**Problem to work on**. Output only the lines below from the one holding "Blackpink - Rosé" down to the one holding "Woman An Girl Sleeping - Lladro 01005085", both end lines included and every picture dropped.

**Supplied records**.
************

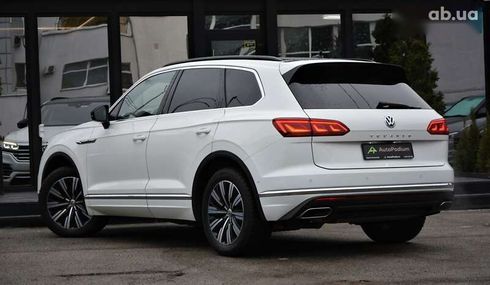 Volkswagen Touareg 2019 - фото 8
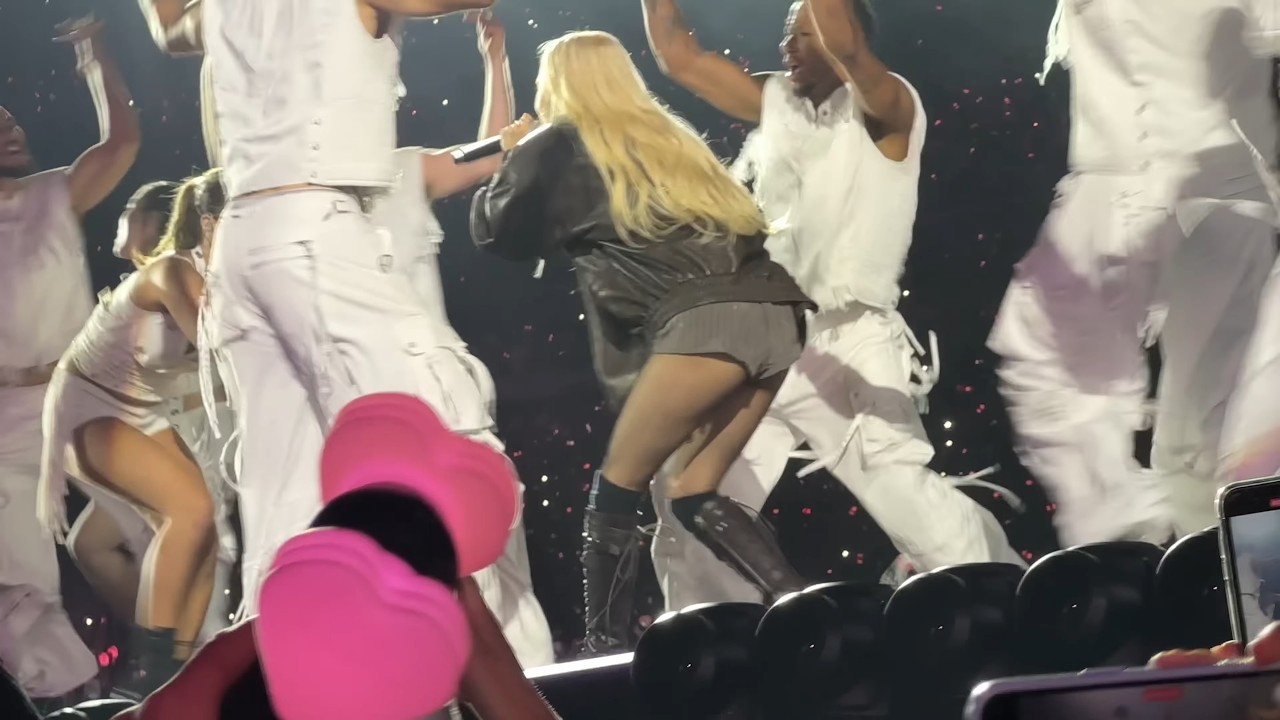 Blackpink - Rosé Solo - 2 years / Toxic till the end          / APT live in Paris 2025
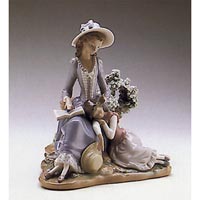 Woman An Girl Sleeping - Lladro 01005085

************

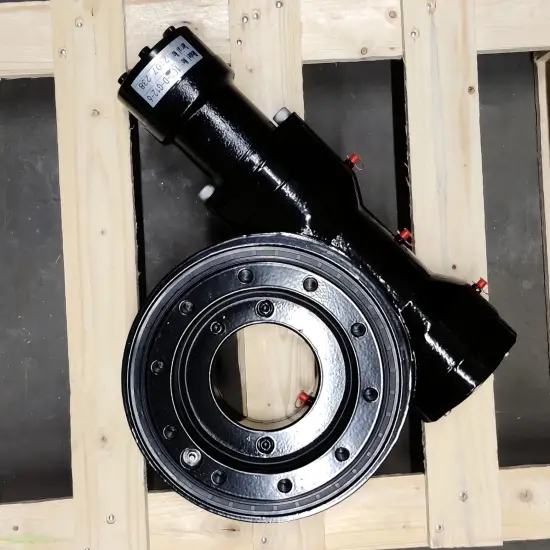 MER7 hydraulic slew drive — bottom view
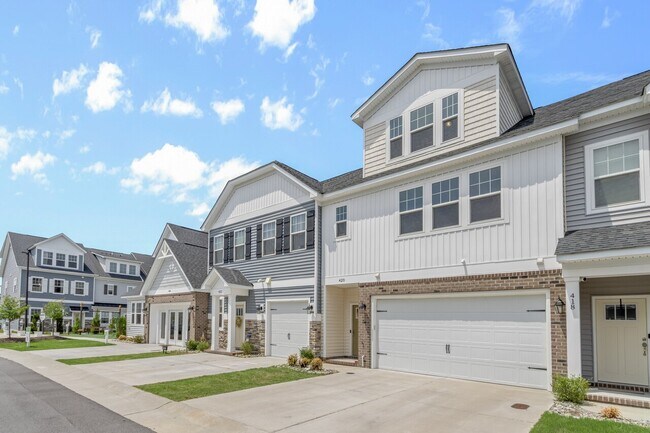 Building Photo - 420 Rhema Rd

************

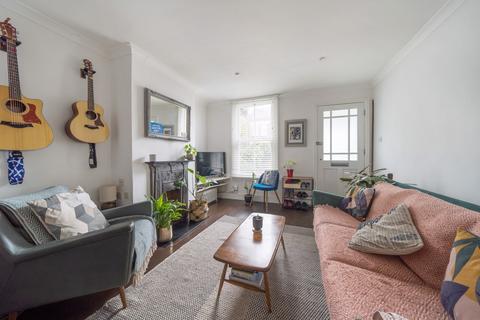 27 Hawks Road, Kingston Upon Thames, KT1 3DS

************

**Answer space**.
 Blackpink - Rosé Solo - 2 years / Toxic till the end          / APT live in Paris 2025
 Woman An Girl Sleeping - Lladro 01005085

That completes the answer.